Mexico City, Mexico – Monsignor Raul Vera Lopez, bishop of Saltillo in the northern Mexican state of Coahuila, baptized a 16-month-old who is being raised by her natural mother and her lesbian partner this past week. This was the second such baptism to take place in Latin America recently, after a similar event took place last month in the Archdiocese of Cordoba, Argentina.
Bishop Vera Lopez has stirred controversy about his views on homosexuality in the past. Two years ago he was investigated by Vatican officials because he had affiliated his diocese with a group that openly promoted the homosexual lifestyle. Bishop Vera was their "spiritual guide." Last year he also said, "You need to be sick in the head" to think homosexuality is a perversion, according to local media.
The bishop met two weeks ago with Pope Francis in Rome, and according to the Mexican newspaper Excelsior, the prelate discussed his views of "caring for vulnerable groups, such as the lesbian-gay community" with the pope.
"I have been open and given clarity to homosexual couples or whatever," said the bishop, according to the pro-gay website CristianosGays. "But some groups within the Church say I promote promiscuity, those are conservative groups that harm pastoral care. Who am I to judge? The Pope has the same attitude as Christ did," he said.

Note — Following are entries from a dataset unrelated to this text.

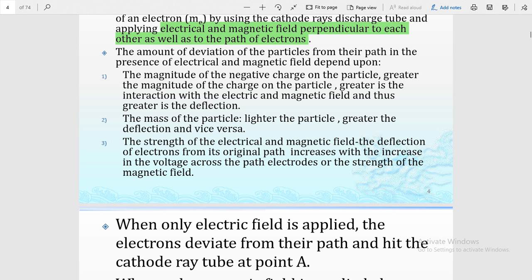The first is the magnitude of the negative charge on the particle — greater the magnitude of charge, greater is the interaction with the electric and magnetic field. If the interaction with the electric or magnetic field is more, the deviation will be more, meaning the magnitude of charge is very high. The second factor is the mass of the particle — if deflection is very high, it means the particle is very light.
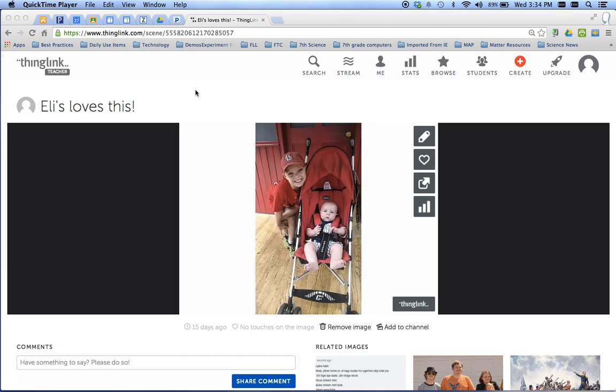Alright, what I'm going to show you guys how to do is how to insert pictures of your own into your ThingLink.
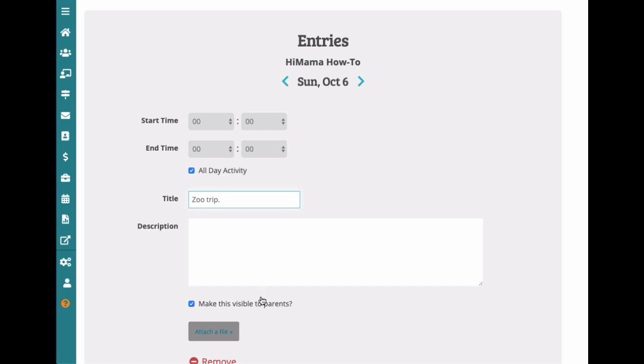You can also select whether they are visible to parents or just the classroom staff. There is also another area to create center-wide calendars and menus, which we'll get into in another video.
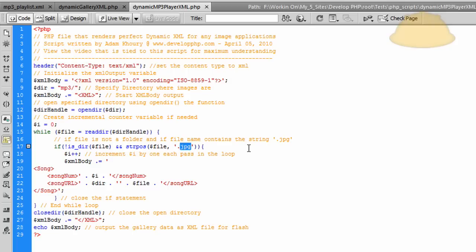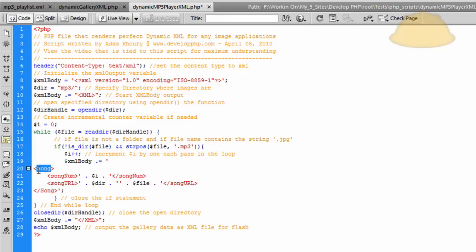This file is going to have PHP look inside of a folder called mp3 to see all of the MP3 files within that folder. All we have to do is change the extension from .jpg to .mp3, so it's doing all the same things except it's looking for MP3 files this time. I also changed the picture nodes to render as song nodes, and the child nodes within are song number and song URL.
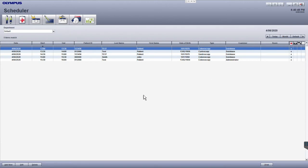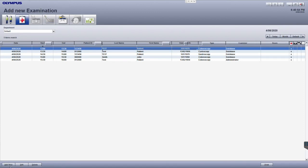To begin adding examinations to your list, click the Add New button in the bottom left. This will bring up the Add New Examination window.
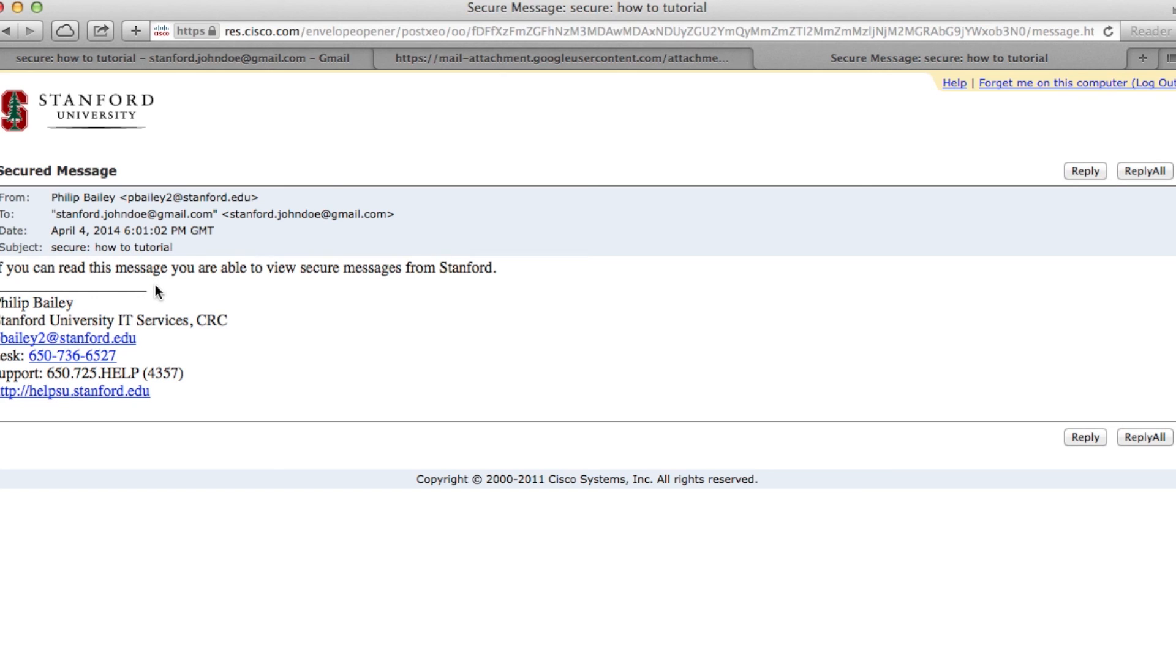You can now open secure email messages from stanford.edu.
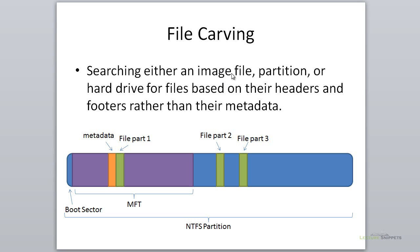It's searching that image file, a partition itself, or a hard drive for files. When we search for these files, we're not going to do it the same way an operating system does. We're going to look at files based on their headers and footers or signatures, and not rely necessarily on the metadata.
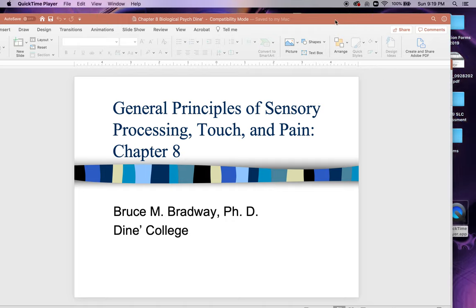Today we're going to do two chapters — chapter 8 and chapter 9. Each one has to do with the sensory process: touch and pain, the chemical senses, taste and smell, and hearing.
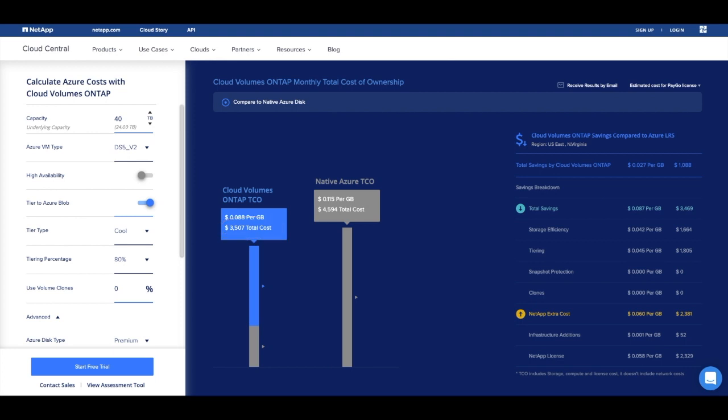Now, many people do not take into account the cost of cloning their volumes for testing or upgrades. One of the major advantages of running your production environment with Cloud Volumes ONTAP is NetApp's cloning technology. Cloning in native Azure will double the amount of storage you're using, but Cloud Volumes only captures the delta, keeping your storage costs practically unaffected.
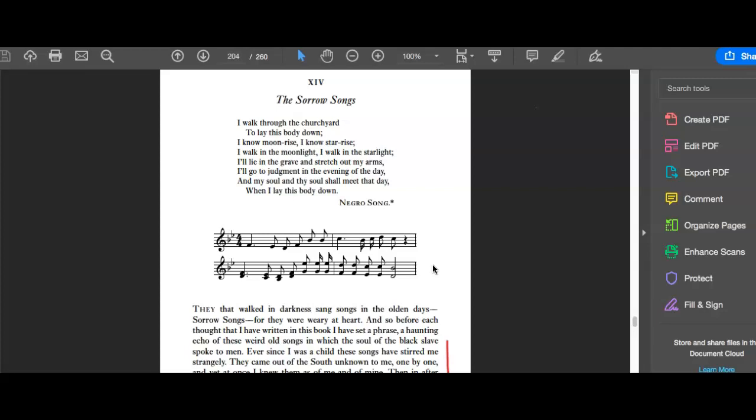He sees the power of these songs and he is treating them as if they were the sonnets of Shakespeare or the piano sonatas of Beethoven. He treats them extremely seriously and sees them as a profound expression of African-American culture. And indeed, he thinks that it is the only true American music that has been produced.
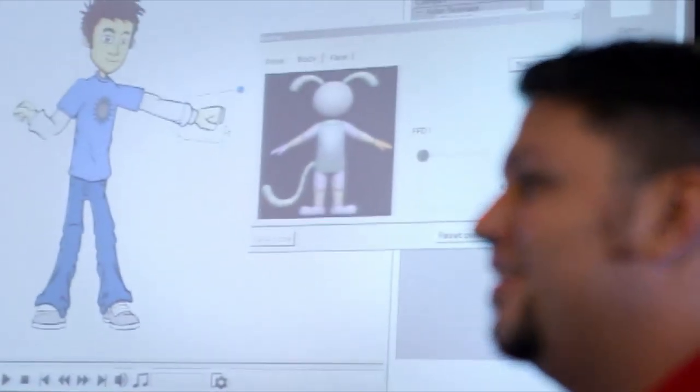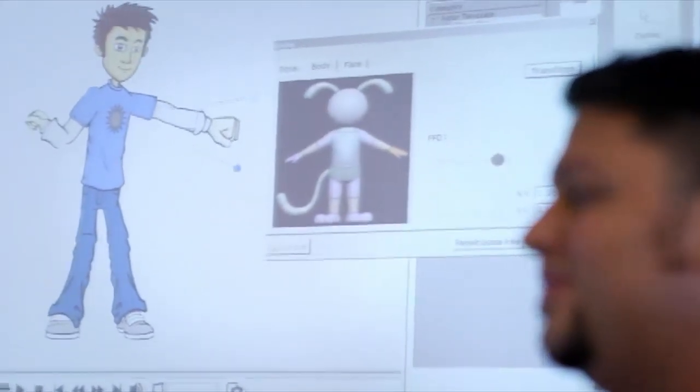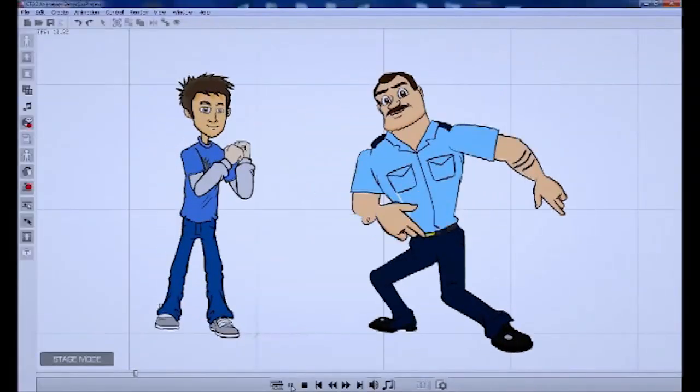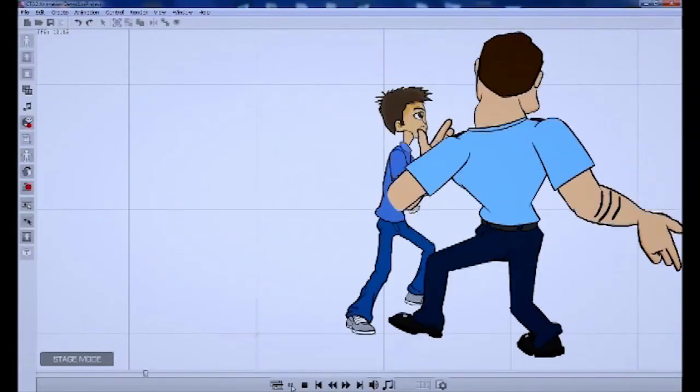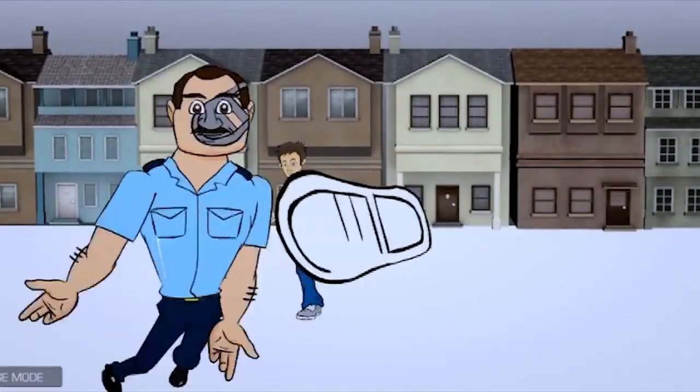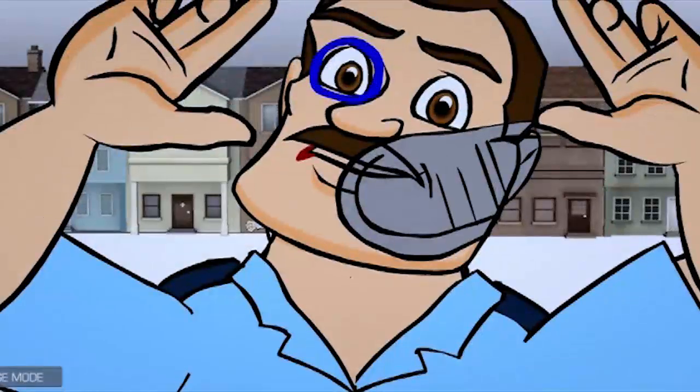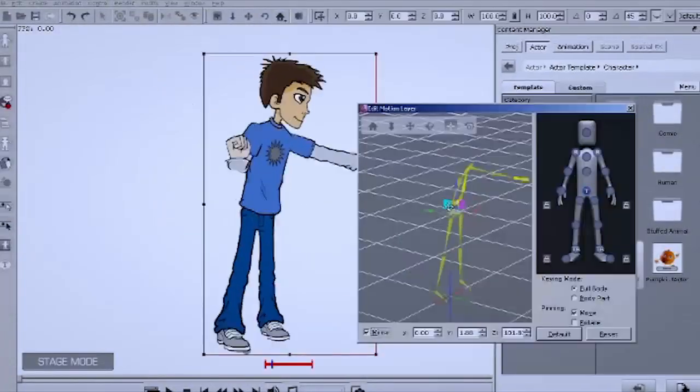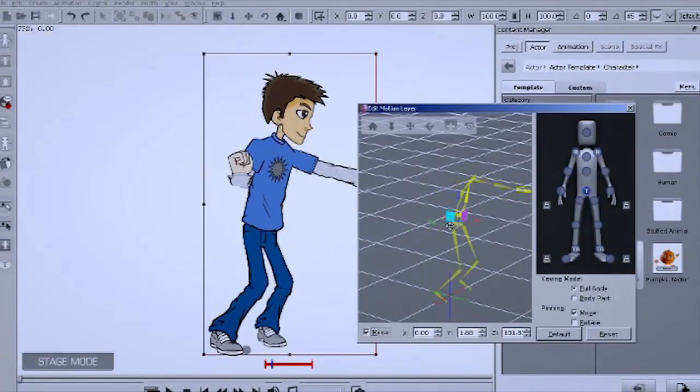What they ended up with is puppeteering. What once took skilled artists hours of work, the facial and body expressions of an animation can now be quickly adjusted with a mouse or keyboard.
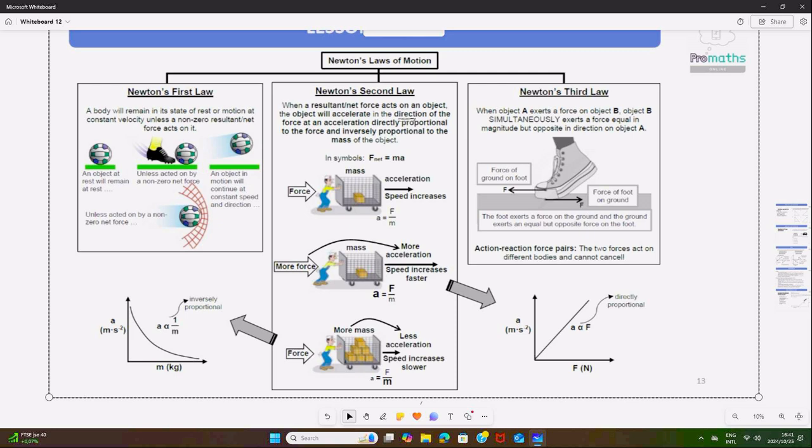For Newton's Second Law, you can see a man pushing a trolley. The trolley moves in the same direction as the force, with acceleration directly proportional to the net force and inversely proportional to the mass. As the force the man exerts on the trolley increases, the acceleration also increases — hence acceleration is directly proportional to force, and inversely proportional to the mass of the object.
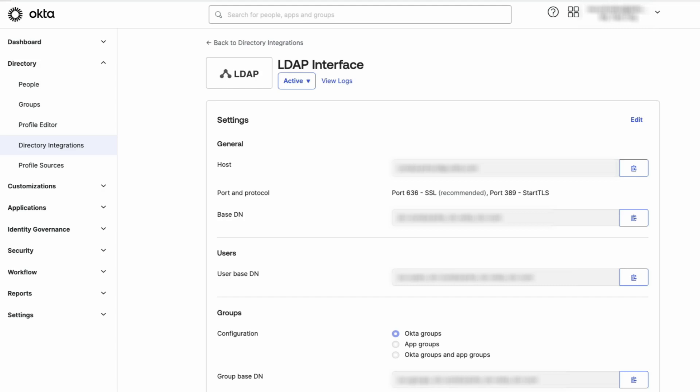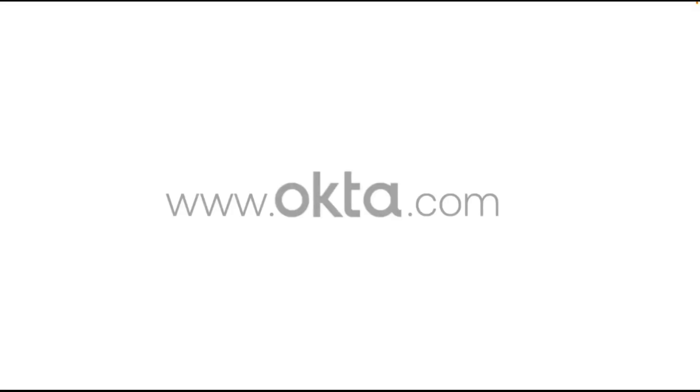That's it! You have successfully enabled the Okta LDAP interface. If you found this video helpful, please like and subscribe to us on YouTube. Thank you!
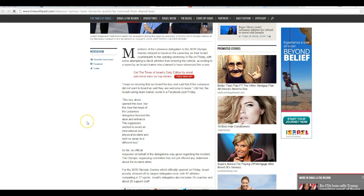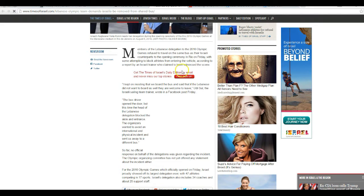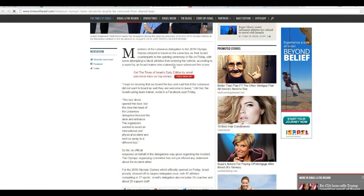What happened was that Lebanese members of the Lebanese delegation of the 2016 Olympic Games refused to travel on the same bus as their Israeli counterparts to the opening ceremony in Rio on Friday, with some attempting to block athletes from entering the vehicle.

The girl's mother and her partner, Lourdes Badillo and Cristal Cobas, were married in Mexico City, where homosexual unions have legal recognition. The girl was conceived through artificial insemination. Badillo is the natural mother.
Monsignor Raul Vera Lopez |
Earlier this year, the couple made the headlines by becoming the first homosexual couple in Mexico to have their child accepted into the Mexican government’s social health system, after a long legal battle with the institution. "I am very happy," Cobas told the local media. "This is another small step we must take even if laws and society don’t approve of this type of relationship."
The girl was baptized in the Church of Saint Francis alongside two other children. "There were several couples," said Bishop Vera Lopez. "If I find the natural daughter of one of two women, how can I deny her baptism? If the parents seek it, it’s because there is a Christian faith," he explained to the media.
"To receive baptism there is a preparation, and during these talks certain values are made clear. The Pope already said it: Who am I to judge?" Coahuila’s governor Ruben Moreira, from Mexico’s Party of the Institutional Revolution, welcomed Vera Lopez’ actions saying, "I congratulate him, we needed a voice like his, full of wisdom to tell us that we are all children of God."
While the governor said that the bishop was acting according to Church teaching, the Church’s Code of Canon Law states that for an infant to be baptized in the Catholic Church "there must be a founded hope that the infant will be brought up in the Catholic religion."
"If such hope is altogether lacking, the baptism is to be delayed according to the prescripts of particular law after the parents have been advised about the reason," canon 868 §1 adds.
Last month's baptism in Argentina was criticized over fears that the public ceremony was being used as a publicity stunt to undermine the Church's teachings on homosexuality. The couple in that case chose the president of Argentina as the godmother for their child, and made an extensive media tour following the baptism.
Bishop Vera López has also functioned as the head of two Mexican "human rights" organizations that support the legalization of abortion. "Vera is a dissident," Juan Dabdoub, president of the Mexican Family Council, said. "He only seeks to hurt the Church in everything he thinks the Church is wrong; it is a disobedience. I don’t understand how the Hierarchy tolerates it."